Fig. 1: Comparison of Ethernet-based scaling protocols. All leverage the Ethernet PHY (not counting the new PCIe PHY UALink supports in addition). Modifications to layer 2 above the PCS include LLR, CBFC, and header changes — features UALink also includes. Source: Bryon Moyer/Semiconductor Engineering
Technically, ESUN is still a work in progress. But based on its goals, it’s already made progress toward a first version. “We might get a peek at it by the end of this week, but it won’t be public,” noted Khan at the end of October.
Link-layer retry
Ethernet is a link protocol, not a network protocol. Full networks rely on layer 3 (typically IP) to define their behavior. Layer 4 is for transport, dealing with such issues as reliability and security. Ethernet defines what happens at a switch or router when a packet comes in for forwarding on yet another hop. Ideally, it does not know the starting or ending point.
Ethernet is also a best-effort protocol, meaning that if some node along the route overflows and can’t handle the traffic, it will drop packets. Those packets will never arrive at the endpoint. Eventually, the sender will figure that out and have to resend.

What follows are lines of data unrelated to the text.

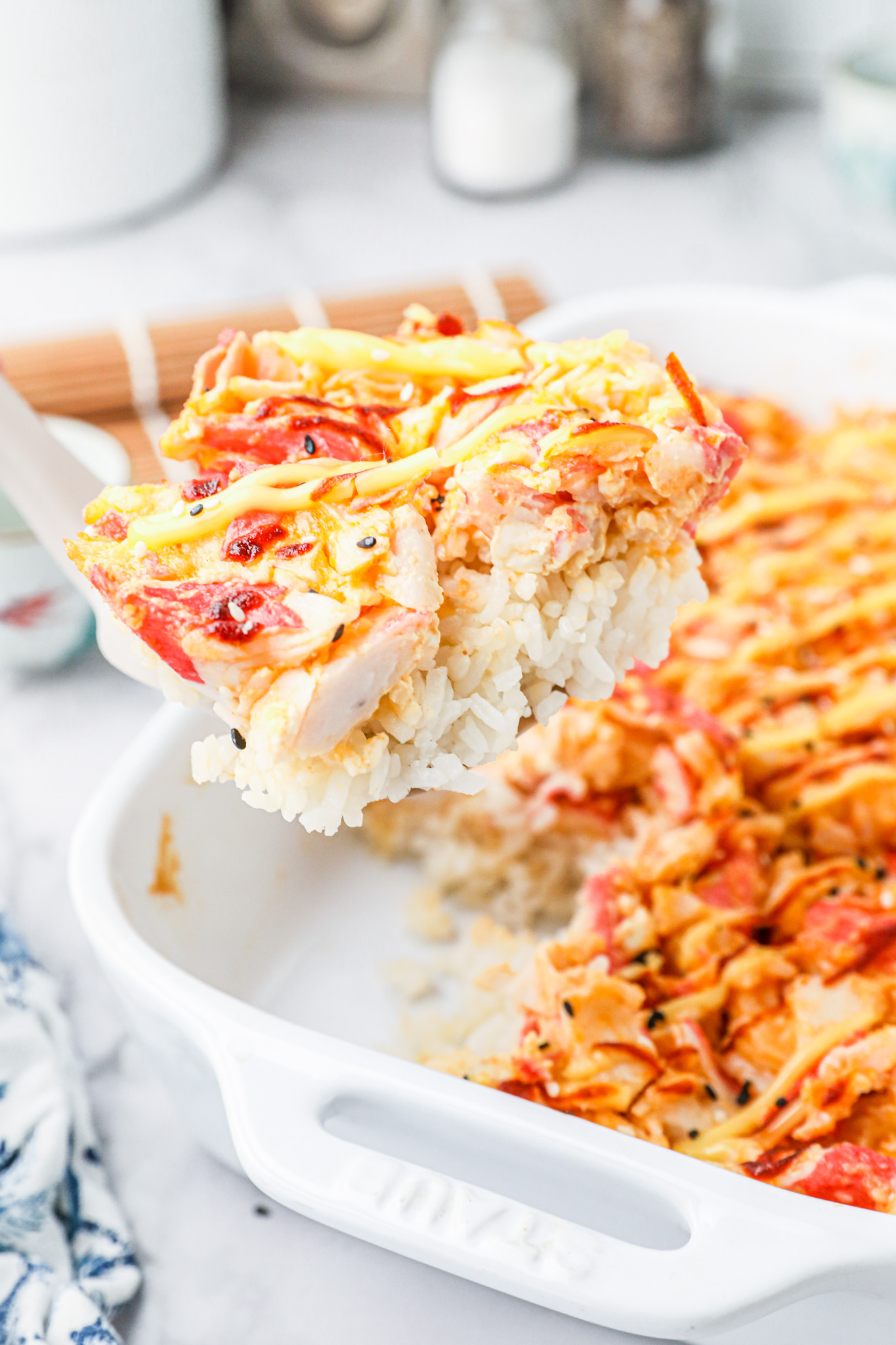 spatula scooping slice of casserole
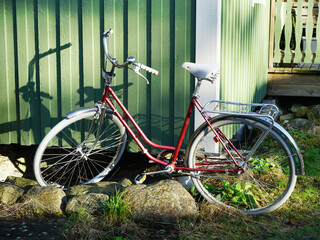 Red women's bicycle leaning against green cottage.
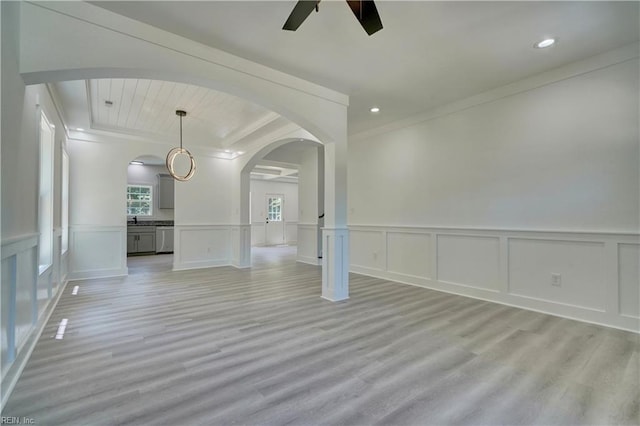 spare room with ornamental molding, light hardwood / wood-style flooring, and ceiling fan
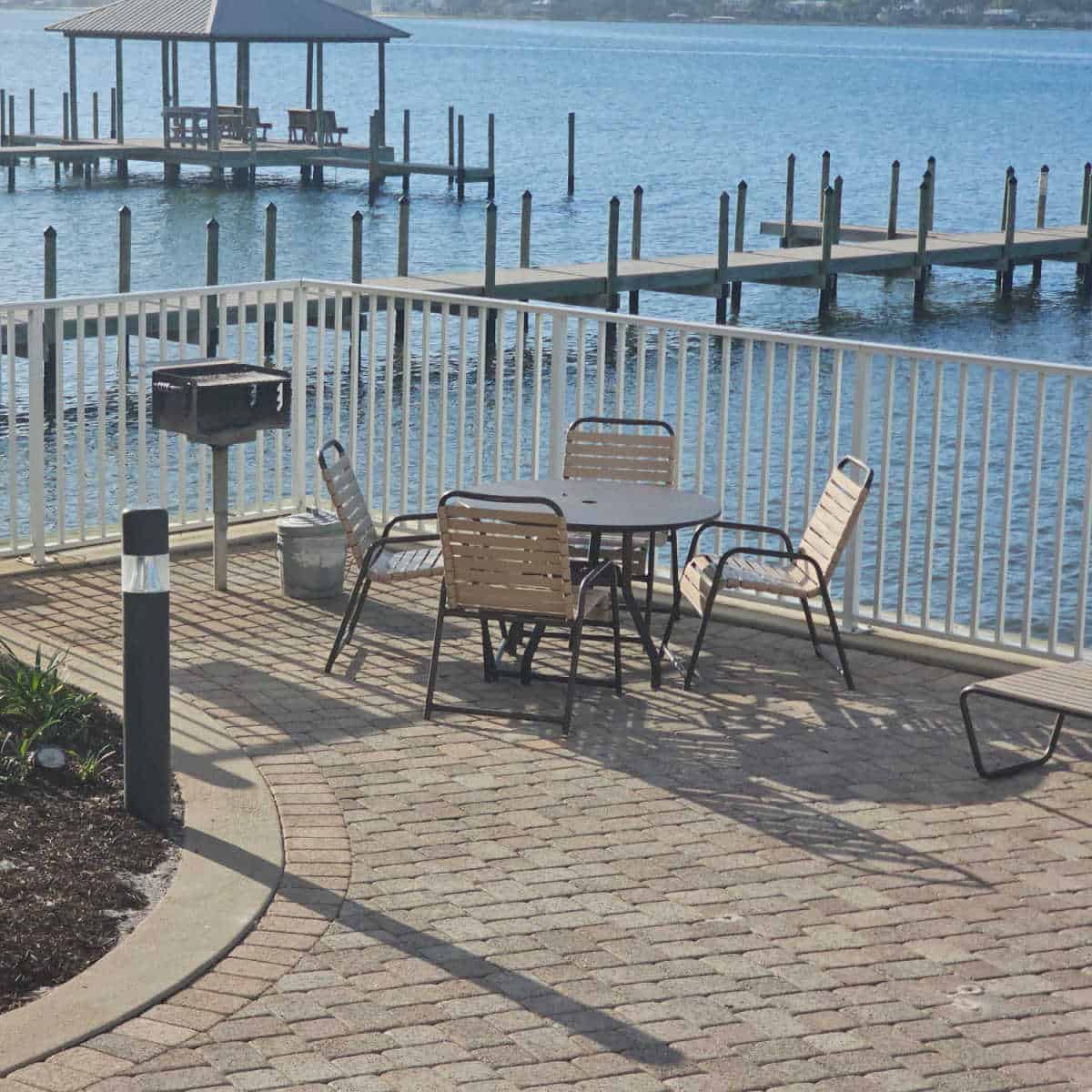 table with four chairs next to an outdoor barbecue, fence around the area and Little Lagoon in the background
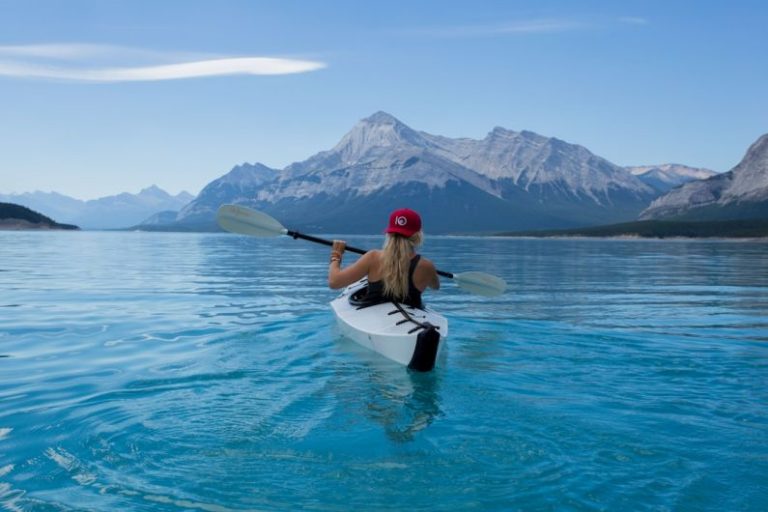 Rowing - woman wearing red hat riding on white kayak facing mountain alps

But depending on the flow-control mechanism, that may not happen until the endpoint decides it’s missed something, or some time window for acknowledgment passes without an indication that the endpoint received the packet.
This retry happens in layer 3. But these scaling standards typically omit layer 3, focusing on layers 1 and 2 while adding reliable transport, which is classically associated with layer 4.
When a packet is dropped at an intermediate node, that node knows it and can immediately ask for a resend without waiting for the endpoint to figure it out, which is a capability that standard Ethernet doesn’t allow, so it’s being added in these variants as LLR.
Credit-based flow control
Flow control attempts to balance traffic and loads so that no switch or server has to drop a packet. It can’t be guaranteed, but it can help. There are, however, various ways of implementing flow control, and they have an impact on latency.
Without flow control, one node will send a packet to the next one without really knowing whether the recipient has room for it. One way to determine that is to send it and wait for acknowledgment. If the sender doesn’t get one, it can assume the packet buffer overflowed or something else happened, and resend. This is similar to the scenario for LLR, and it takes time.
Another approach is for the two ends of a link to negotiate a data rate that they can both handle. This works fine for a steady data stream coming at a mostly predictable pace, but that’s not how AI traffic works. AI traffic is bursty and uneven. Were such a rate negotiation to be employed, the busy times might cause a cycle of renegotiation, only to renegotiate down when things slowed, and then repeat. That’s hugely inefficient.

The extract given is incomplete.